A few points regarding the proposed Green Hills development:

1. The building (unnamed as of now) reminds me to some extent of Icon in The Gulch. In fact, at quick glance, the rendering suggests a view of Icon from the southwest corner of the 12th Avenue South and Division Street intersection.

2. On the Icon theme, I am not a fan, generally, of buildings that have brick-framed glass segments (as seen below in the mid-section of the tower portion) that interact with larges masses of glass. Perhaps this won't be brick but, instead, a tile of some sort. That would be preferable.

3. The mixed-use (office, retail, residential) format is strong. For comparison, Gulch mid-rise Terrazzo has the same combination and it seemingly works well. Of course, Terrazzo is a condo building. This structure will offer rental apartments. Still, the formula can be successful, particularly in Green Hills.

4.  I assume the office portion of the building includes the two floors above the retail (in the foreground of the image). That would be an effective physical arrangement.

5. The roof shows an eaves-like configuration at the tower's top front (seen in upper-left corner of the image). Very nice.

6. The color scheme (silvers, blues and browns) would work much better without the browns, which, again, I assume will be brick. With silvers and blues only, much like Roundabout Plaza (see here), the building would look much more sleek.

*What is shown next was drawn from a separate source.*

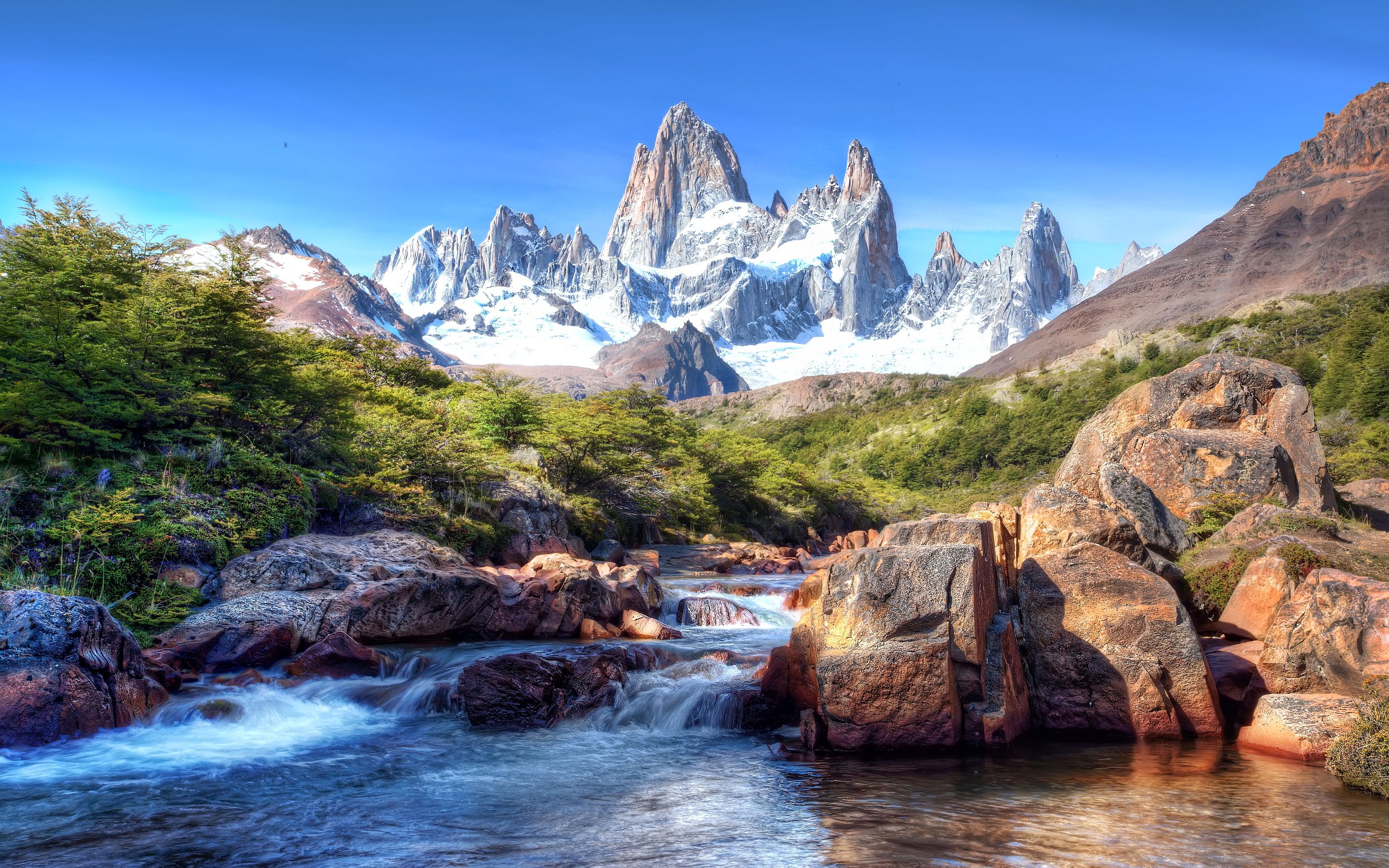 chile, Mountains, Stones, Rivers, Scenery, Snow, Patagonia, Nature Wallpaper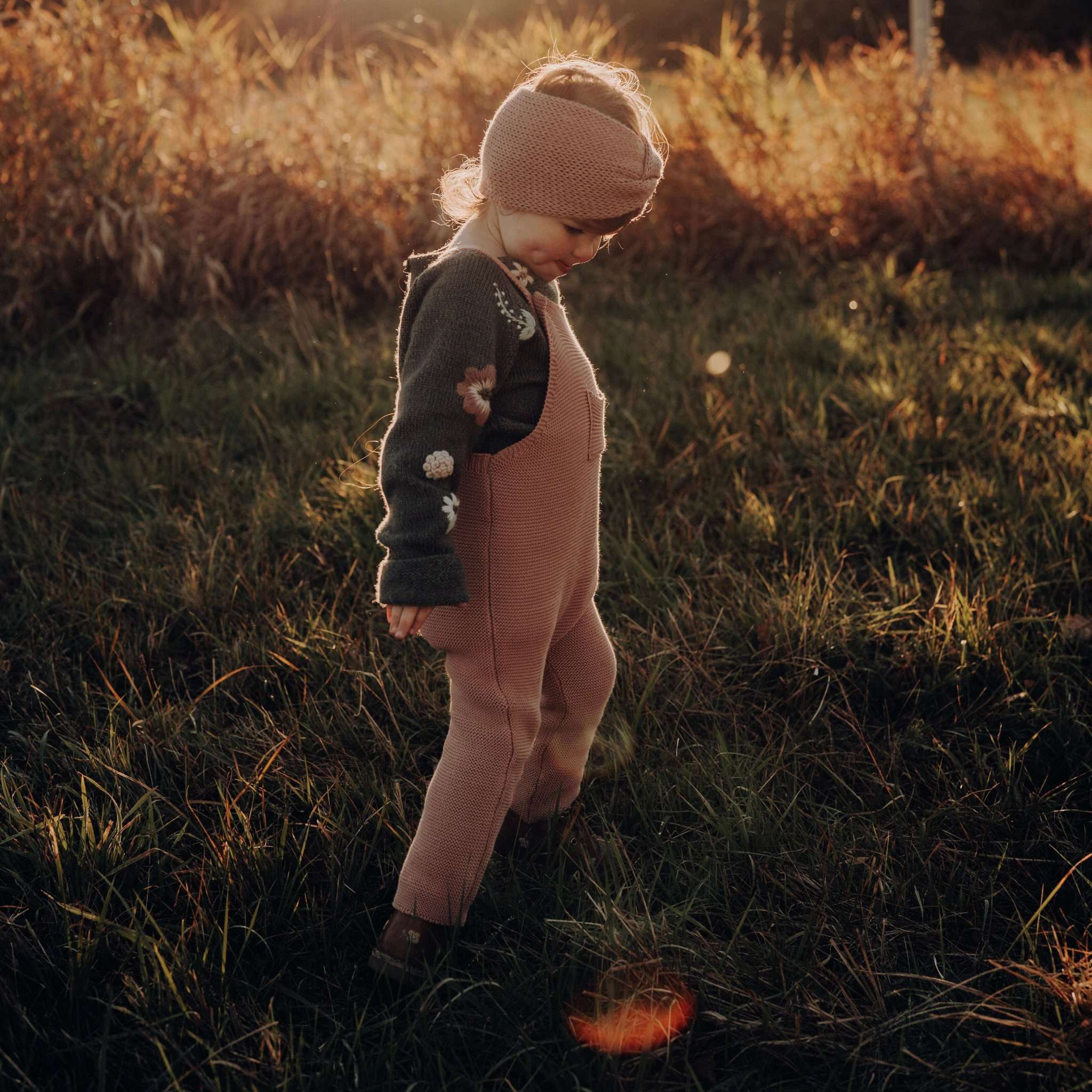 Organic Knit Dungarees - Dusty Rose - SALE - Image 7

7. If Green Hills is going to land a mid-rise, this might be an ideal spot (extra traffic notwithstanding), as the building would anchor the eastern segment of the GH commercial district while the modernist (even brutalist) Green Hills Apartments for Retired Teachers (seem photo here) holds court on the west side. The visual balance might be nice.

Overall grade: B


  1. I hope their is plenty of underground parking. This will be a good anchor for all the newly redeveloped shopping and office buildings on Richard Jones Rd. I'm certain this will do very well in Green Hills and Southern Land Co. has a great track record of quality.

  2. Should be a quality project. And I would think there will be ample underground parking.


  3. William, I want a more dense, urban Green HIlls, but I have serious concerns about the appropriateness about a fourteen story building in Green Hills right now. Don't you think this seems out of context?